At SIL, I demonstrated Personas and Pair Designing methodologies, and helped clarify the discussions among the different groups that needed to form consensus for the next year of development.

Fieldworks Language Explorer (FLEx) was intended to be a huge leap forward from the common text-based PC tools such as Shoebox, allowing linguists in the field to focus on the task of collecting words and texts, analysis of such gathered data, and testing of insights, and finally to bring together a functional lexicon and grammar sketch that could be used directly to aid teams in translation and literacy projects without constant re-inputting, or without dealing with overlapping and contradicting data.

FLEx is used by almost 300 language projects around the world and is used by most academic institutions in linguistics today. It uses Graphite, another SIL creation to enable the display of scripts outside of unicode, especially obscure or even new scripts in development.

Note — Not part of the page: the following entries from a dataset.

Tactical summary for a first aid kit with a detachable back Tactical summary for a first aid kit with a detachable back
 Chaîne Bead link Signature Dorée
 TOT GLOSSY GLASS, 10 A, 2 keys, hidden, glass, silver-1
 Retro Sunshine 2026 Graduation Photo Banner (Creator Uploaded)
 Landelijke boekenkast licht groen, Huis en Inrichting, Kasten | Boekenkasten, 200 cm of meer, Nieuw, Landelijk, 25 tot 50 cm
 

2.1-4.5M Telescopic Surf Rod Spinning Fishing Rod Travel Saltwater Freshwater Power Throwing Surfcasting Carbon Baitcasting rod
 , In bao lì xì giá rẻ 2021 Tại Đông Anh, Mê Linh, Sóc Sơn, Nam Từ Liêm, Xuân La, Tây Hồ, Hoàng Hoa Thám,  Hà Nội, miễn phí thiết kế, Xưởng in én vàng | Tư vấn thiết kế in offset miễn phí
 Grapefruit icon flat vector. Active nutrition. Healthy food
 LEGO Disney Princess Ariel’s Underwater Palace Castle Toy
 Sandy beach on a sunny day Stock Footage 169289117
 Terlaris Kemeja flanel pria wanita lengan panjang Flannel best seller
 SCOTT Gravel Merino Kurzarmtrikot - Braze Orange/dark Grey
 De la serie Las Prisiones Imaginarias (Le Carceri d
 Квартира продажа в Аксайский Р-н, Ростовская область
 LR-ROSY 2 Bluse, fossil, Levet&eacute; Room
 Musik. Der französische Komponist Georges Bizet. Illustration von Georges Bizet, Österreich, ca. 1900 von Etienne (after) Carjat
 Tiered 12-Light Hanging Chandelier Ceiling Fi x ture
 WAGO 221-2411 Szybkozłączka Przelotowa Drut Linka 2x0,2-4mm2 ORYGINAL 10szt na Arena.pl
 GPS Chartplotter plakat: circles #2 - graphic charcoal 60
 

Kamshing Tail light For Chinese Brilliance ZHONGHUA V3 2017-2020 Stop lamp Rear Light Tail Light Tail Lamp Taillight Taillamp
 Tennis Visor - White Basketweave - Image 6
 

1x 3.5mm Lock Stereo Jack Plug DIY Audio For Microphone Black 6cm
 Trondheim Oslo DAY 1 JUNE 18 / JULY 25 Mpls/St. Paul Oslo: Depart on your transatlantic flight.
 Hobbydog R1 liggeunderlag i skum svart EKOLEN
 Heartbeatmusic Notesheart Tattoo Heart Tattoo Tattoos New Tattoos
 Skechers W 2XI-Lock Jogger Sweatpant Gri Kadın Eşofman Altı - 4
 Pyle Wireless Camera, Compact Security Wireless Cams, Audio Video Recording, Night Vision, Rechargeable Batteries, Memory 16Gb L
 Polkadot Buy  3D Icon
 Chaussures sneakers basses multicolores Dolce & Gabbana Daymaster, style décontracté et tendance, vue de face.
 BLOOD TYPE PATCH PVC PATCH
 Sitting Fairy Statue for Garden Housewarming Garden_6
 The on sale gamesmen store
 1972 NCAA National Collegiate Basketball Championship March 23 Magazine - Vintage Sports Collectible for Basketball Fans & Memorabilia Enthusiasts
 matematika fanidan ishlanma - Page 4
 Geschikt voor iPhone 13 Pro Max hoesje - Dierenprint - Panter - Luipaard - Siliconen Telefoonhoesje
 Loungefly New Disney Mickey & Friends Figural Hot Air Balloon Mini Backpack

FLEx was designed to be run in isolated, un-networked environments but also to allow team members to pool their results together over poor Internet connections or directly while they are in the same room.

At the time they had the goal of open-sourcing the project (when the only major open-source repository service was SourceForge), but had not yet done so. FLEx is now a public open source project on GitHub, released under LGPL, and undergoing literally up-to-the-minute active development.

As a note on the classic Windows XP retro look: work on visual design was not in consideration, and the use of Microsoft .NET framework and navigation idioms of MS Outlook 2003 was entirely adequate and appropriate to make the complexity of the various parts immediately understandable and accessible. FLEx runs on the latest versions of Windows as well as Linux.

During my time there, we spent significant effort getting the analysis of source texts (Interlinear analysis) feel fluid and productive. To promote flow for the linguist who would be mining insights from collected texts and transcripts of recordings from the field, all operations, especially morpheme breaks and tagging, were enabled to be done entirely with uncomplicated keyboard operations (space, tab, shift, arrows, enter, esc and affixing symbols for morpheme break types).

An example of stressing attention upon the goals and mental model of the field linguist at various phases of a language project, “gloss” and “analyze” were split according to each purpose, even though at first glance they are built upon the same basic screen layout.

FLEx is designed to let the linguist feel free to capture guesses and insights, and to build confidence over time while not losing track of where and when those original insights came from, building a multi-dimensional understanding of the language in a way that can be shared with others working with you.

Encouraging the development team to think more of not only the people using their software but those impacted by the work generated on the software, inspired more tools, this time empowering non-linguists and native “vernacular language experts” teams from minority language communities to start their own language projects via apps like WeSay and Bloom, which I flew to Thailand to help out with. Many of the familiar people are still at SIL and we keep in touch today.